To: stockman_scott who wrote (1053)7/1/2002 4:26:45 PM
From: Jim Willie CB  Respond to of 89467
 
States Pressure Wall St. on Conflicts (NY, Calif, NC)
By MICHAEL GORMLEY, Associated Press Writer

New York, California, North Carolina Pressure Wall Street on Conflicts of Interest

ALBANY, N.Y. (AP) -- New York, California and North Carolina officials agreed Monday to require many top Wall Street firms to adopt anti-conflict-of-interest policies to do business with the states' massive pension funds.

The states will require investment banking firms and money managers doing business with the pension funds to disclose more about potential conflicts, adhere to several safeguards and accept closer monitoring.

Columbia Law School professor John Coffee said the agreement, backed by billions of dollars in public pension funds, will be more effective than regulators' efforts to reform Wall Street.

"What we're seeing here is consumer power, not regulatory power," said Coffee, who has closely watched the recent furor over Wall Street conflicts of interest. "No one wants to give up on New York or California's pension funds, which are huge, and to get that business I think you will find a competitive market adopting the standards they mandate. That's how consumer power works well in a competitive market."


The California Public Employees Retirement System is the nation's largest at about $150 billion. New York's public retirement system has about $112 billion and North Carolina's nearly $54 billion.

New York Attorney General Eliot Spitzer said a dozen more states with large pension funds are considering signing on to the initiative.

"Our message today is simple and clear: If you wish to do business with our state, we expect you to adhere to the highest standards of integrity and disclosure ... so pensioners and taxpayers aren't stuck with the bill," said California Treasurer Philip Angelides.

The agreement is expected to force change on an industry whose chief regulator, Securities and Exchange Commission Chairman Harvey Pitt, has been criticized for lax enforcement.

"We've supported those goals since Day One," said Joseph Borg of the North American Securities Administrators Association. Its task force is pushing for similar reforms.

The agreement imposes and extends Spitzer's May settlement with Merrill Lynch & Co. The firm, and a few other major brokerages, agreed to separate its analysts from investment banking. Internal e-mails obtained by Spitzer showed stock analysts were urging investors to buy the stock of companies they privately felt were risky in order to land the firms as investment banking clients.

The revelations further weakened investor confidence, wracked by a wave of accounting scandals following last fall's collapse of Enron Corp. that have cost them millions. WorldCom, Adelphia Communications, Tyco International, Xerox and others have lost billions of dollars in market value as questions arose over their financial practices and accounting.

"The fraud and theft committed by criminals on our city streets is no different from the fraud and theft committed by criminals in our corporate suites," said New York Comptroller H. Carl McCall, the sole trustee of his state's pension fund.

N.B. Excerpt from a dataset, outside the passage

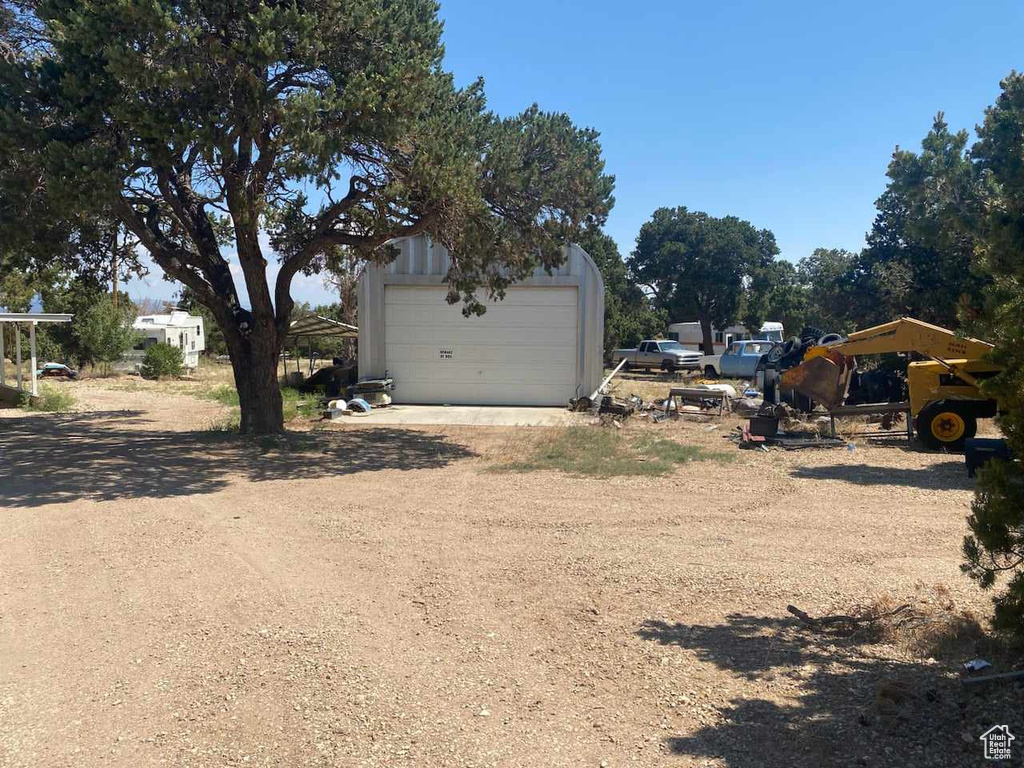 View of yard featuring an outdoor structure and a garage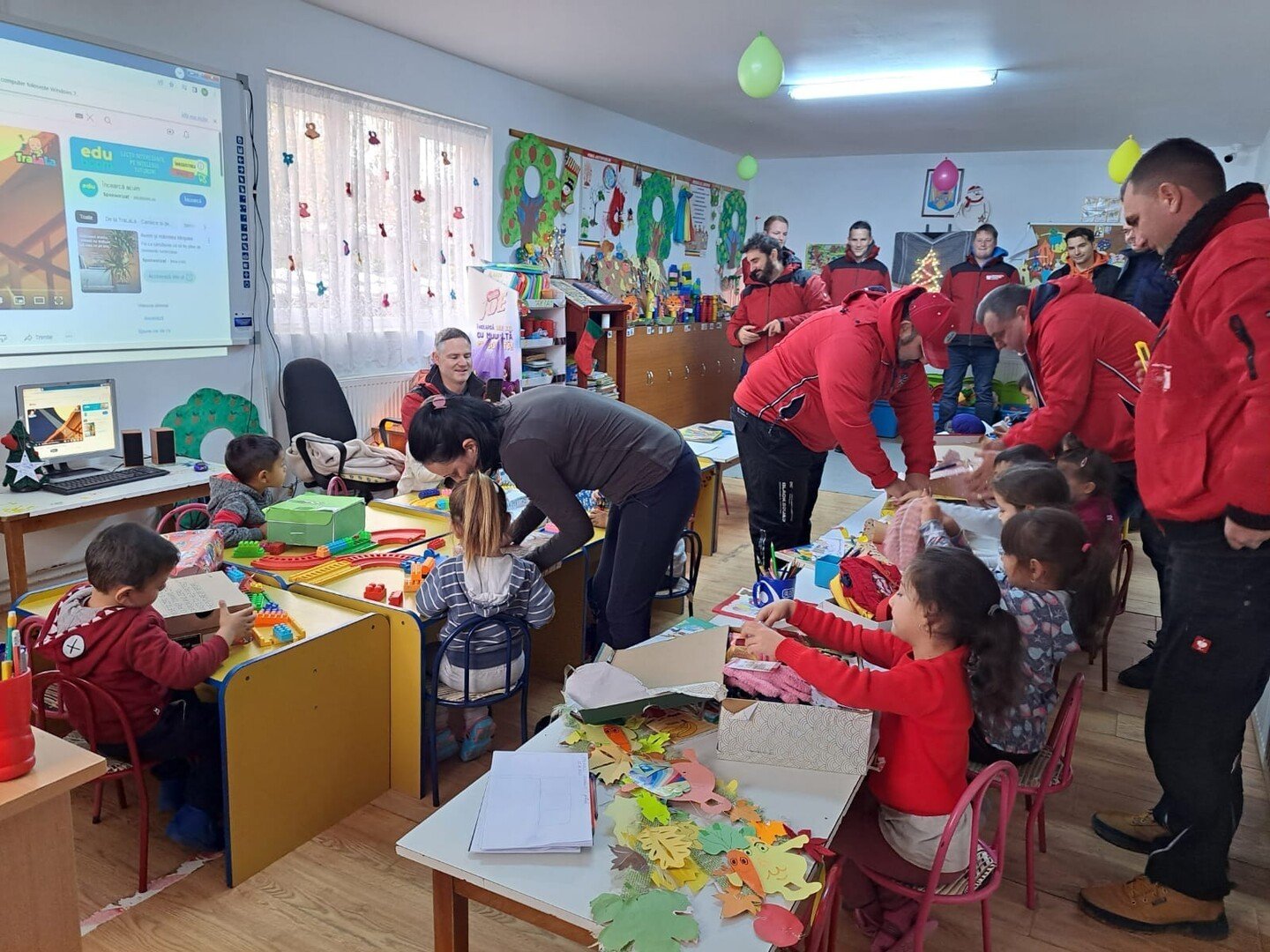 Suprize pentru copiii școlii din Merghindeal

Coffee said Monday's agreement should be immune to the criticism by some in Congress that Spitzer was overstepping his authority for political gain.

"There is nothing sinister about the pension funds finding their voice and saying, `Here are the rules of the game that we insist on playing by,'" Coffee said.

"I am going to make sure that the investment banking and money management firms that do business with North Carolina disclose all potential conflicts of interest and take whatever steps are necessary to ensure that our investments are protected," said North Carolina State Treasurer Richard Moore.